As part of Humboldt-Toiyabe National Forest’s hazardous fuels reduction efforts, both Carson and Bridgeport Ranger Districts’ fire crews will conduct pile burning starting this month through May, weather and fuel conditions permitting.
Prescribed fire is a proactive tool used to achieve a number of purposes, including the reduction of hazardous fuels (overgrown vegetation). Three general types of prescribed fire are pile burning, understory/underburning and broadcast burning. They all help decrease the threat of high intensity, high-severity wildfires; reduce the risk of insect and disease outbreak; recycle nutrients that increase soil productivity; and improve wildlife habitat. Another benefit resulting from prescribed fire is a reduction in wildfire danger to local communities.
During a pile burn, firefighters ignite hand or machine cut piles of vegetation, a byproduct of vegetation or fuel management activities. Piles are generally burned during the wet season to reduce damage to the remaining standing trees, confine the fire to the footprint of the pile, and allow time for the vegetative material to dry out so it produces less overall smoke by burning hot and clean.
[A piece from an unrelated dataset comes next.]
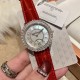 实拍 积家-Jaeger-LeCoultre DAZZLING RENDEZ- VOUS MOON约会系列月相珠宝腕表月之女神,是浪漫与柔美的象征,她掌管着大自然中的潮起潮落和季节更替,是艺术家与诗人们的灵感源泉,在温润莹亮的白色珍珠母贝映衬下,晶莹璀璨的钻石散发出夜空般的静谧之美,表圈镶嵌108颗钻石,组成两个环绕表壳的同心圆。由36颗以爪镶工艺镶嵌的钻石组成的外圈,为光芒闪耀的表圈营造出轻盈美妙的质感,尺寸36mm的精钢表壳搭配进口瑞士石英,采用蓝宝石水晶玻璃。 实拍 积家-Jaeger-LeCoultre DAZZLING RENDEZ- VOUS MOON约会系列月相珠宝腕表月之女神,是浪漫与柔美的象征,她掌管着大自然中的潮起潮落和季节更替,是艺术家与诗人们的灵感源泉,在温润莹亮的白色珍珠母贝映衬下,晶莹璀璨的钻石散发出夜空般的静谧之美,表圈镶嵌108颗钻石,组成两个环绕表壳的同心圆。由36颗以爪镶工艺镶嵌的钻石组成的外圈,为光芒闪耀的表圈营造出轻盈美妙的质感,尺寸36mm的精钢表壳搭配进口瑞士石英,采用蓝宝石水晶玻璃。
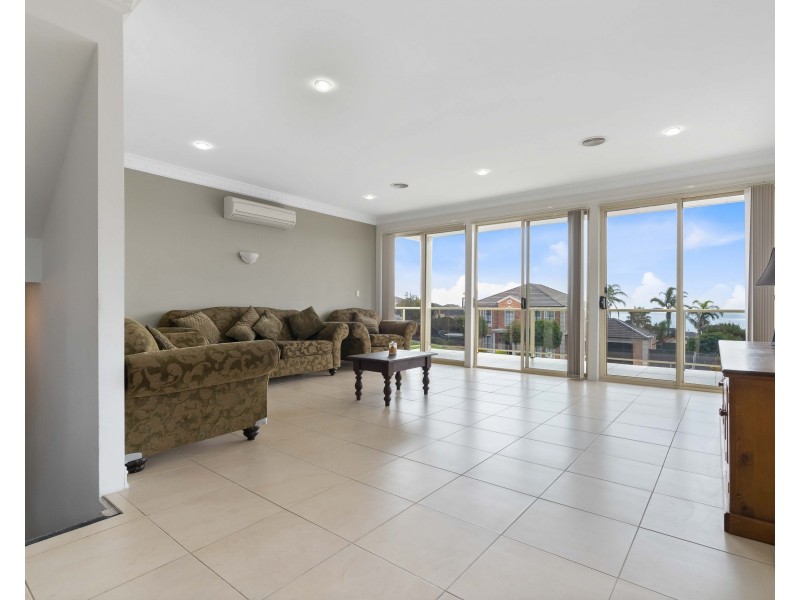 5 Freebairn Drive, Hallett Cove SA 5158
The actual days of ignition for pile burning will depend on several factors including appropriate humidity levels, wind speed and direction, temperature, and fuel moisture. Burns only occur on days when weather conditions exist for smoke dispersal. The public can get prescribed burn updates by visiting the Forest’s Twitter (https://twitter.com/HumboldtToiyabe) or Facebook (https://www.facebook.com/HumboldtToiyabeNF/) pages.
“Air quality considerations are an important part of prescribed fire, and each fire prescription is planned to disperse smoke rapidly and reduce lingering haze,” said Fuels Specialist Steve Howell. “Before each prescribed fire is ignited, fire managers will get approval from the local air quality district in which the burn is to take place.”
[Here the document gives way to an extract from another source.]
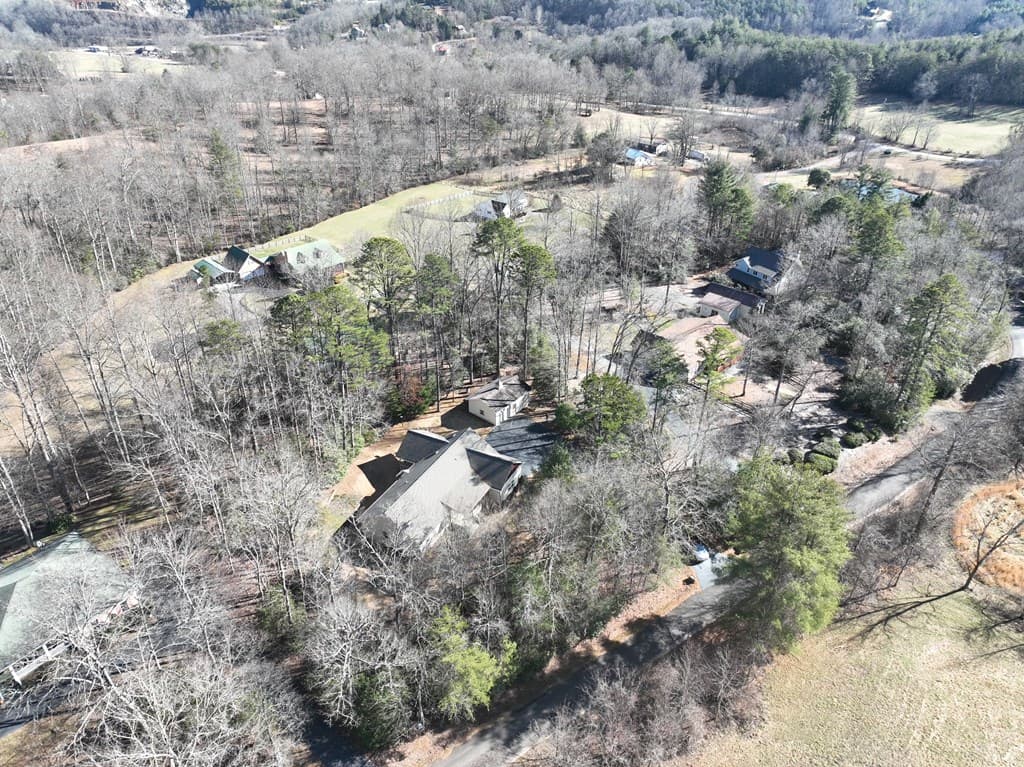2356 Robin Hood Trail, Hiawassee GA 30546 - Photo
When pile burning, only small areas are burned at a time to allow fire crews to halt burning activity if anything is out of the pre-established prescription conditions, such as too much wind. Crews can start again when conditions are more acceptable. Fire managers create a burn plan, which includes smoke management details, fire control measures, acceptable weather parameters, and equipment and personnel needs. The burn plan also describes in detail how the ecosystem will benefit from fire.
Please don’t call 911 about burning in the areas referred below. Local fire departments are aware of these burning activities. For information on pile burning activities on the Carson and Bridgeport Ranger Districts, please call Steve Howell at 775 884-8114.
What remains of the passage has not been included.